Don’t be fooled by the political posturing over South Australia’s state-wide blackout – the really important question is not whether an “over-reliance on renewable energies” was to blame, as deputy PM Barnaby Joyce asked.
South Australian senator Nick Xenophon tried to get a bit of mileage out the same question, and Prime Minister Turnbull threw a sop to the climate-sceptics in his party-room by calling the event a “wake up call” on renewables.
What none of the leaders have acknowledged, however, is that the 1950s centralised power model that fell over on Wednesday is already doomed – with or without the wind-farms so despised by the likes of Mr Joyce.
We’re all in the dark
The news media, too, has been slow to throw off the idea that large power stations, owned by energy-generation oligopolists, will continue to dominate 21st century power supply.
They won’t, because while politicians bicker and the media weigh one centralised-power argument against another, in the background an unstoppable energy revolution is underway.
The New Daily covered this historic shift a year ago, when it became clear that new technologies were unleashing market forces that will overtake the centralised model.

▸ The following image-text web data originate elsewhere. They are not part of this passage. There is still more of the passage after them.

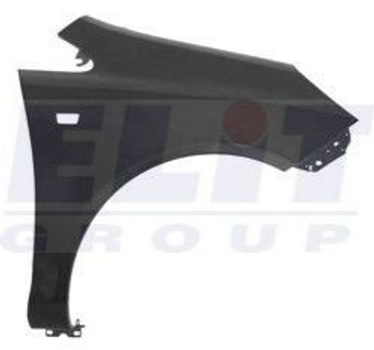 Крыло ELIT KH5024 312 Opel CORSA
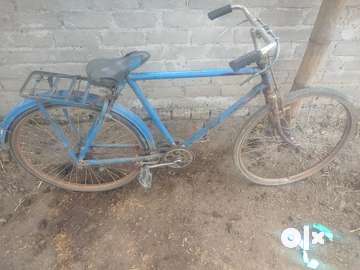 Hero cycle full working condition Bicycles 1758415966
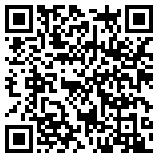QR Code for Fuccillo Auto in Latham, NY 12110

The key technologies are solar power and a new generation battery storage systems that give households and businesses the ability to sell, as well as buy power.
Lithium-ion batteries such as the Powerwall, now being sold into Australia by electric-car manufacturer Tesla, put power ‘consumers’ in control.

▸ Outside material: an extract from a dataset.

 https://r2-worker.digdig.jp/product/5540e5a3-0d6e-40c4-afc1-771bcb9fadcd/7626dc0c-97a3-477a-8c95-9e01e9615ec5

Whether the storage systems are charged by roof-top solar, by some distant wind, gas or coal-fired station, or whether they are kept topped-up by excess energy from a local-council owned storage facility, these systems will allow users to buy and sell energy with any source they choose.
In power markets, peer-to-peer trading through existing grids will ensure that if an interstate interconnector blows up, smaller regional and local grids won’t fall over.

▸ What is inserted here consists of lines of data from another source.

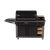 Timberline XL de Traeger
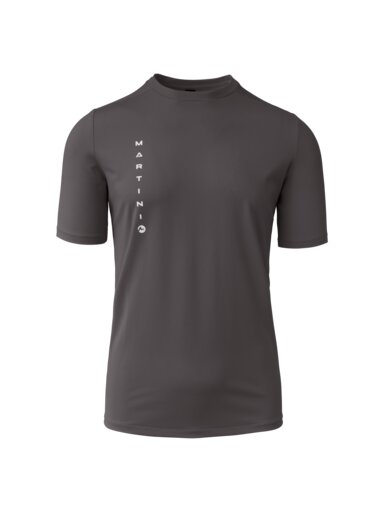 Martini Hillclimb Race Shirt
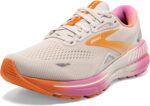 Brooks Women’s Adrenaline GTS 23 Supportive Running Shoe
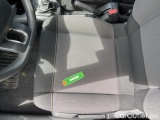  Citroen  C3 1.5 BLUEHDI 100 S&S FEEL BUSINESS #40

And energy trading won’t just be between giant energy firms and consumers.
Already, if a large shopping centre with a solar array on its roof is generating too much power on a sunny day, it can use a ‘wheeling access arrangement’ to ‘wheel’ that energy to another buyer looking for cheaper power – a large factory, for instance.
Jemma Green, co-founder of the Perth-based energy start-up Power Ledger says that soon this kind of arrangement will become available to anyone who needs to buy and sell power “peer to peer” – including households.
Her firm has developed a sophisticated “energy trading platform, allowing people to buy and sell power without using an electricity retailer”.
It’s important to note that the energy grid infrastructure in South Australia, or anywhere else, will be the means through which peer-to-peer selling will take place – and to that extent will still be a monopoly.
And base-load power from centralised power stations will still move across those grids – though as a smaller percentage of the energy used.
Importantly, given the South Australian power failure, supply cannot be destroyed by freak weather events, or, as seen twice in the Crimean Peninsula in the past year, by terrorist attacks.
Large commercial peer-to-peer trading is already taking place and small scale trading is on its way – New Zealand energy firm Vector is pressing ahead with a trial of the Power Ledger trading platform, and Ms Green tells me her firm has begun a capital-raising scheme which is attracting international investors.
Which firms ultimately prosper in the smart-grid future is yet to be seen.
But one thing is certain – politicians trying to impose their preferred energy mix on Australia consumers will find they are only tilting at windmills, so to speak.